Hi Shawn,

Regarding CPU high, when we are troubleshooting, we found that Merge threads
are keep on running and it's take most CPU time ( as per Visual JVM ). GC is
not causing any issue as we use the default GC and also tried with G1 as you
suggested over  here
<https://wiki.apache.org/solr/ShawnHeisey#GC_Tuning_for_Solr>  

Though it's only background process, we are suspecting whether it's causing
CPU to go high. 

Since we are using SOLR as real time indexing of data and depending on its
result immd. to show it in UI as well. So we keep adding document around 100
to 200 documents in parallel in a sec. Also it would be in batch of 20 solr
documents list in one add... 

*Note*: following is the code snippet we use for indexing / adding solr
document in batch per collection

/for (SolrCollectionList solrCollection : SolrCollectionList.values()) {
        CollectionBucket collectionBucket = getCollectionBucket(solrCollection);
        List<SolrInputDocument> solrInputDocuments =
collectionBucket.getSolrInputDocumentList();
        String collectionName = collectionBucket.getCollectionName();
        try {
                if(solrInputDocuments.size() > 0) {
                        CloudSolrClient solrClient =
PlatformIndexManager.getInstance().getCloudSolrClient(collectionName);
                        solrClient.add(collectionName, solrInputDocuments);
                }
}/

*where solrClient is created as below
*
/this.cloudSolrClient = new
CloudSolrClient.Builder().withZkHost(zooKeeperHost).withHttpClient(HttpClientUtil.HttpClientFactory.createHttpClient()).build();
this.cloudSolrClient.setZkClientTimeout(30000);
/

Hard commit is kept as automatic and set to 15000 ms.
In this process, we also see, when merge is happening, and already
maxMergeCount ( default one ) is reached, commits are getting delayed and
solrj client ( where we add document ) is getting blocked and once once of 
Merge thread process the merge, then solrj client returns the result.
How do we avoid this blocking of solrj client ? Do I need to go out of
default config for this scenario? I mean change the merge factor
configuration ? 

Can you suggest what would be merge config for such a scenario ? Based on
forums, I tried to change the merge settings to the following,

<mergePolicyFactory class="org.apache.solr.index.TieredMergePolicyFactory">
        <int name="maxMergeAtOnce">30</int>
        <int name="maxMergeAtOnceExplicit">30</int>
        <int name="segmentsPerTier">30</int>
        <int name="floorSegmentMB">2048</int>
        <int name="maxMergedSegmentMB">512</int>
        <double name="noCFSRatio">0.1</double>
        <int name="maxCFSSegmentSizeMB">2048</int>
        <double name="reclaimDeletesWeight">2.0</double>
        <double name="forceMergeDeletesPctAllowed">10.0</double>
</mergePolicyFactory>

But couldn't see any much change in the behaviour.

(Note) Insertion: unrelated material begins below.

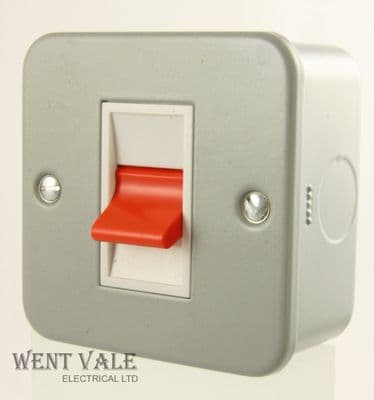 GET Exclusive Metalclad - GMCS45S - 45a  1 Gang Double Pole Switch New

In same solr node, we have multiple index / collection. In that case,
whether TieredMergePolicyFactory will be right option or for multiple
collection in same node we should go for other merge policy ( like LogByte
etc ) 


Can you throw some light on this aspects ?
Regards,

 Regarding auto commit, we discussed lot with our product owners and atlast
> we are forced to keep it to 1sec and we couldn't increase further. As this
> itself, sometimes our customers says that they have to refresh their pages
> for couple of times to get the update from solr. So we can't increase
> further.

I understand pressure from nontechnical departments for very low 
response times. Executives, sales, and marketing are usually the ones 
making those kinds of demands. I think you should push back on that 
particular requirement on technical grounds.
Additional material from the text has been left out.